I SPENT last weekend in Lagos, attending Uncle Sam Amuka’s son’s wedding ceremony. The ceremony drew the cream of Nigerian society, from all walks of life. Uncle Sam is one of the most decent human beings I have ever met and everybody else that I have spoken with about this unusually humane gentleman has confirmed my feeling.
I do not want to over-eulogize the man, but you cannot come away from the man, not feeling delighted about his personality; his incredible modesty and his ability to appreciate the good in other people. He just has that charm and magnetism that inspire.
My becoming a columnist for VANGUARD newspapers from May 2011 was largely as a result of his ability to draw people from all kinds of backgrounds to work with him in his newspapers. He is the quintessential Nigerian patriot at a time when many intelligent people have withdrawn into ethno-religious laagers, preaching all kinds of divisiveness and hatred.
It was no surprise that these qualities of the man drew so many of us to the wedding ceremony last weekend. And I learnt an extra lesson about the Nigerian condition, from the array of people who turned out, but especially how the vibrant Lagos social scene can be such a magnet for revelry and so much enjoyment. I saw the way that Nigerians of all backgrounds, who have made Lagos their home, danced with so much gusto to the music of the band at the reception ceremony.

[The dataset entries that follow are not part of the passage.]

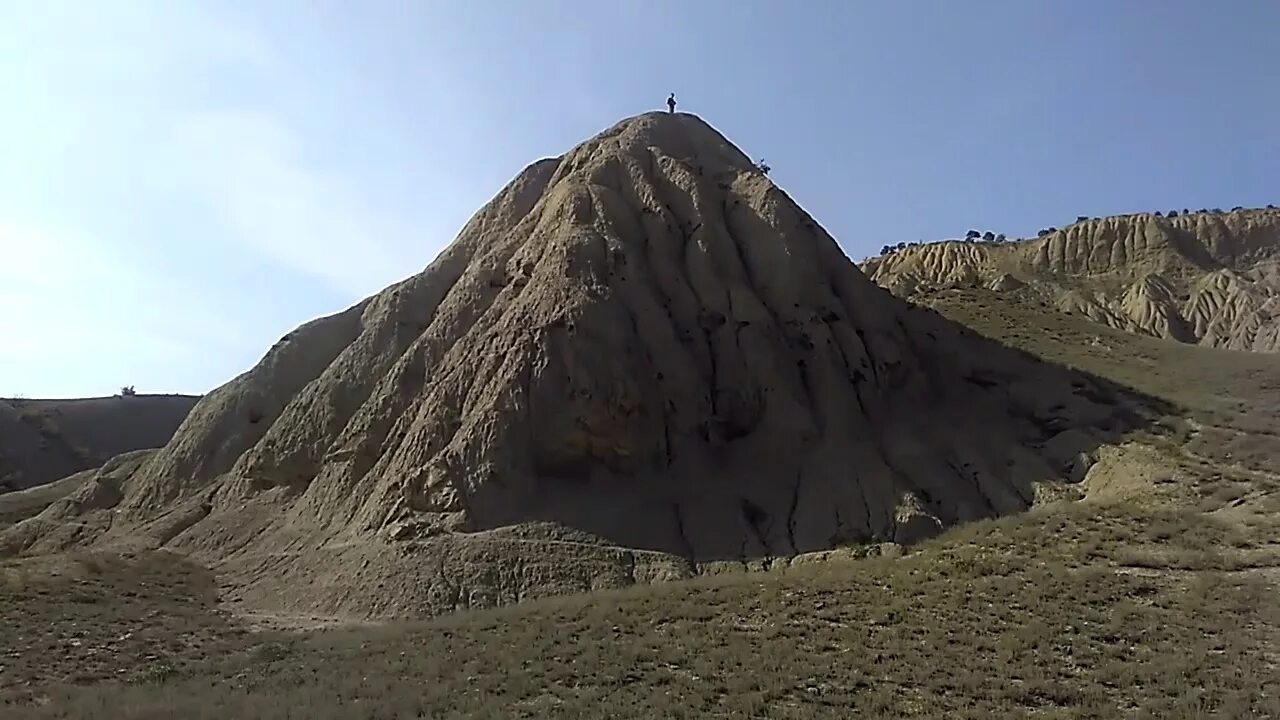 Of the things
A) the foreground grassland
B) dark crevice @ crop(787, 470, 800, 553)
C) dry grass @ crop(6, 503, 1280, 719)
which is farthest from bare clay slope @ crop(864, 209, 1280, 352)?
dry grass @ crop(6, 503, 1280, 719)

In my mind, it became a bit clearer that there was so much that tied our people together from all over Nigeria. The Lagos social scene has always been one of the greatest inventions and expressions of modernity and the evolution of the urban space in the late colonial period in Nigeria.
By the 1940s, Lagos had become the pre-eminent urban setting that drew everybody into a colonial and later, a post-colonial economic and social existence. It was instructive that leading newspapermen have always helped to define and enrich the Lagos social scene, and the roots of that must be located in the work of the cosmopolitan Jackson family of journalists, with the LAGOS WEEKLY RECORD, in Nineteenth Century Lagos.

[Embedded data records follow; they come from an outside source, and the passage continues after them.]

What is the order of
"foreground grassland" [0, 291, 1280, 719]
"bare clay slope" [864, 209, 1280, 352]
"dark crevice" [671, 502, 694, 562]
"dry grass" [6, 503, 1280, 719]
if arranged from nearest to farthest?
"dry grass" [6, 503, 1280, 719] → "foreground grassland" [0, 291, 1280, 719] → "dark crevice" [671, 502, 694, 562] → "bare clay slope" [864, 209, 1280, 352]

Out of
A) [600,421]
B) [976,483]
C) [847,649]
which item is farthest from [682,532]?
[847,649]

But from the 1940s, journalists became central in the nationalist movement: The Great Zik, Ernest Ikoli, Obafemi Awolowo, Ladoke Akintola and even Anthony Enahoro, were not only journalists but trend setters in a most socially significant manner.

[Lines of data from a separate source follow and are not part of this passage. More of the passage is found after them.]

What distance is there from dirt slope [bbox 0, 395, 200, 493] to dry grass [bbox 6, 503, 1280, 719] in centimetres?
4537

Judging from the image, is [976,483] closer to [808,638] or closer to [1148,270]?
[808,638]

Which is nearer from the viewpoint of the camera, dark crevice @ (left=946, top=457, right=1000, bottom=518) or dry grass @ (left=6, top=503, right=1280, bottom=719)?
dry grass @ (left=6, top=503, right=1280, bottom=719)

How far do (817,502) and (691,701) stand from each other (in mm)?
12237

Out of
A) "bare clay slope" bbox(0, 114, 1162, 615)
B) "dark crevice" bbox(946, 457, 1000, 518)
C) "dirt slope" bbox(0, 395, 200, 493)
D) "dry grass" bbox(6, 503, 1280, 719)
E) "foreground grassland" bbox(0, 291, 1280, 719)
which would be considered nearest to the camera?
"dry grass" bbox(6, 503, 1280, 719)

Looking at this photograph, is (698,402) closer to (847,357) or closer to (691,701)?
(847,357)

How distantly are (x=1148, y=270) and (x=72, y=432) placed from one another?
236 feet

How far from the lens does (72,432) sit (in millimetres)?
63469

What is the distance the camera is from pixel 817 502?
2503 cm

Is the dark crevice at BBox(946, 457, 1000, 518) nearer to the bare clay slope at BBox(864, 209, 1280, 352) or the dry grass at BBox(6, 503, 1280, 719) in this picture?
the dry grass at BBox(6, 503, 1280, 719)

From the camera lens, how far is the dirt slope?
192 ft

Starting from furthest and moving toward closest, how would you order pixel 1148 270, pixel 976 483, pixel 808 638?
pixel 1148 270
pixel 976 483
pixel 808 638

People like Uncle Sam Amuka, who as SAD SAM, was one of the most engaging columnists of all time, with his arched bowler hat, drank in the same fount and also burnt his own unique imprimatur on that remarkably vibrant Lagos social scene.
Last week’s wedding ceremony conveyed the very best of that Lagos social scene and I was so happy that I could be there to see Uncle Sam Amuka at one of the happiest moments of his life as a parent: the wedding of his son. Thank you, sir, for inspiring so many people to be the best of themselves. I belong in that sensibility!